# Negril.com Message Board Forums > Port Antonio Message Board >  A quick start To my Trip (Long Bay 2017)

## takinitslow

Wow its been busy since I got back so I am going to start a trip report but it might take awhile to get all done so here is a small taste.


So Friday, Feb 24 we loaded up in Negril at 7am for our 6hr journey to Port Antonio. The ride was easy and went pretty Quick. I had confirmed my ride with Warren the day before. So as we hit the edge of Port Antonio I get a call from Warren he has had some car problems and had to send his friend Norman to pick us up. I was a little worried at this point not Knowing what to expect.

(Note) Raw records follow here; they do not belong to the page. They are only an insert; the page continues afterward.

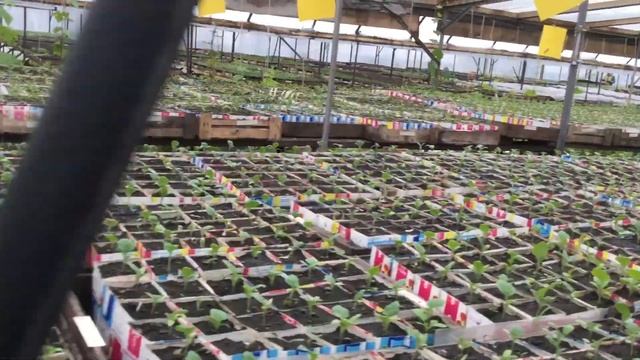 Выращивание рассады в фермерском хозяйстве смотреть онлайн
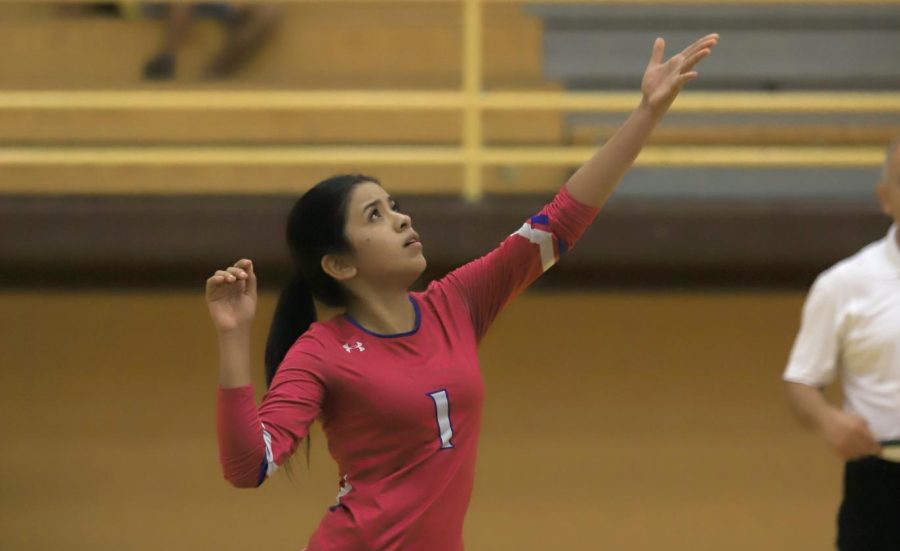 Volleyball Falls to Irvin, 3-0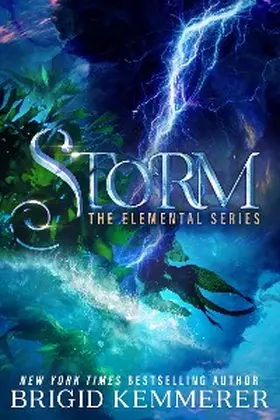 Kemmerer |  Storm | eBook | Sack Fachmedien
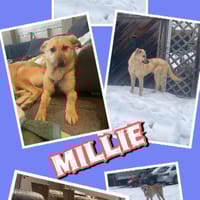 junge Millie auf Pflegestelle in 91217, Hündin zur Adoption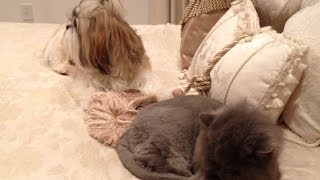 preview picture of video 'Blue Persian cat Lexi, Shih Tzu dog Lacey gets the crazies'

Well a real nice car shows up the guy gets out he is wearing a Geejam uniform. Well turned out he works at Geejam and since I had asked Warren to take us to see the Jolly Boys tonight he thought Norman would be the right guy. We hit Ramtellas for Food and beer and we are on our way after having some slight problems finding the house we pull up and start to unload. I walk out onto the patio and here is what I saw.

----------


## Vince

Now that's a VIEW!!!- Thanks for making time for our trip report  :Wink:

----------


## BuffaloSoldier

Ditto Vince.  Awesome start takinitslow.  Looking forward to more. 

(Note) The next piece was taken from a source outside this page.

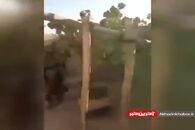 انتشار تصاویری از خانه ملا عمر
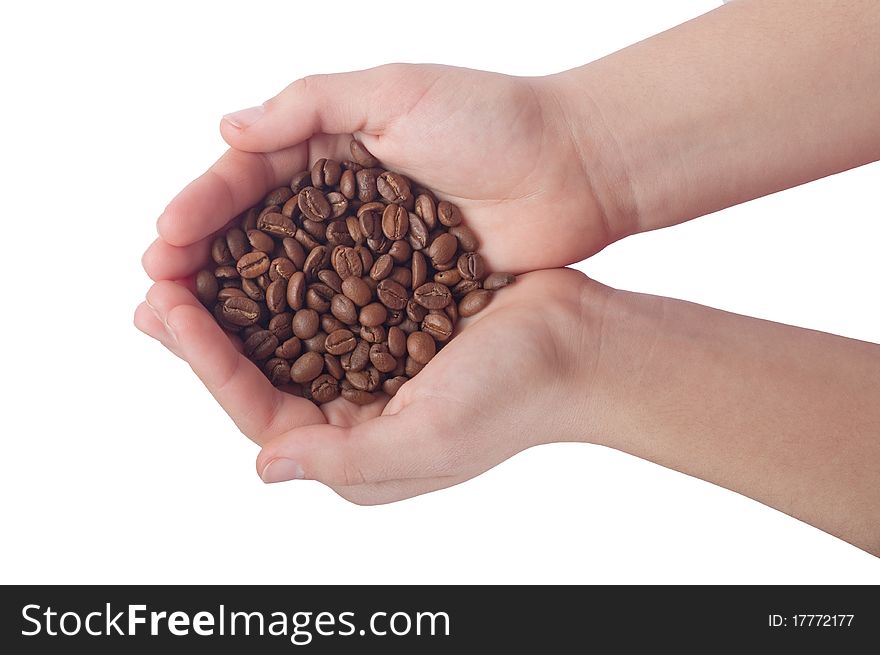 Coffee bean in human hands.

We're down to 8 sleeps until we arrive (also staying in Long Bay).  Can't wait couldn't be more of an understatement.

BS

----------


## takinitslow

> Ditto Vince.  Awesome start takinitslow.  Looking forward to more. 
> 
> We're down to 8 sleeps until we arrive (also staying in Long Bay).  Can't wait couldn't be more of an understatement.
> 
> BS


Where are you staying Buffalo?

----------


## BuffaloSoldier

We are staying at pimento lodge.

----------


## brazz

Awesome!  Where is that view?

----------


## sammyb

Sorry things didn't work out with Warren but glad he got you sorted with another driver.  Wow that view!!!!!

----------


## takinitslow

> We are staying at pimento lodge.


That's like 5 houses from where we stayed.

----------


## BuffaloSoldier

> That's like 5 houses from where we stayed.

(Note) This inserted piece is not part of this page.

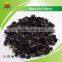 Manufacture Supply Black Goji Berry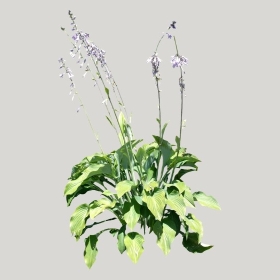 ͼʦģֲģȫ20221648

Excellent news - I hope our view is as spectacular as yours :Big Grin:

----------


## takinitslow

Sorry everyone I have had major computer problems and cant post any pictures so I am getting a new laptop tonight so hopefully I can continue my trip report as I have lots of pictures

----------


## sammyb

Take your time Takinitslow, I know it will be worth the wait  :Smile:

----------


## takinitslow

Ok so back to my trip Friday night Norman had made us a 8:30 reservation at Geejam because last year Steve told us that if we came back we had to see the Jolly Boys play. Norman arrives to pick us up at 8:15 we arrive at Geejam at 8:40 we walk in the place is packed no place to sit. Steve comes and says hi says your table will be ready in 5 min. WE wait by the pool table for our table and start to enjoy the music. Norman comes and gets us a few min later. Your table is ready he leads us over to what I would say was the best table in the bar right center in front of the band. Not sure how we acquired the best table but I wasn't complaining. The band didn't disappoint. Probably the best mento band I have heard. We stay till the music over and its time to get some sleep its been a long day. Norman is waiting to take us home. (I have a video of the Jolly Boys I will post soon) I wake up the sun is coming in the window there are all kind of animal noises coming foom outside. I open the doors and find a lot of new friends.

Momma says she is hungry so I start to prepare her favorite breakfast when we are in Jamaica

We decide we should spend our first day at Winnifred beach so I start to get the bags ready to go for the day and we set off down the drive way and walk down the hill to catch a route taxi. Chris a friend of the lady who owns the house is hanging out at the bottom of the hill he calls us over to chat and helps us get a cab. The taxi drops us at the entrance to Winnifred and we start the trek down to the beach. Its just as beautiful as I remembered. We set up our stuff and head to the water to take our first swim

----------


## Vince

NICE!!! Waking up to the animals in Jamaica is more pleasant than here. lol Beach looks RAD!!!!!!

----------


## sammyb

Loving this!

----------


## heater

More please

----------


## Vince

^^ Ya mon more please :Wink:

----------


## Vince

More please :Big Grin:

----------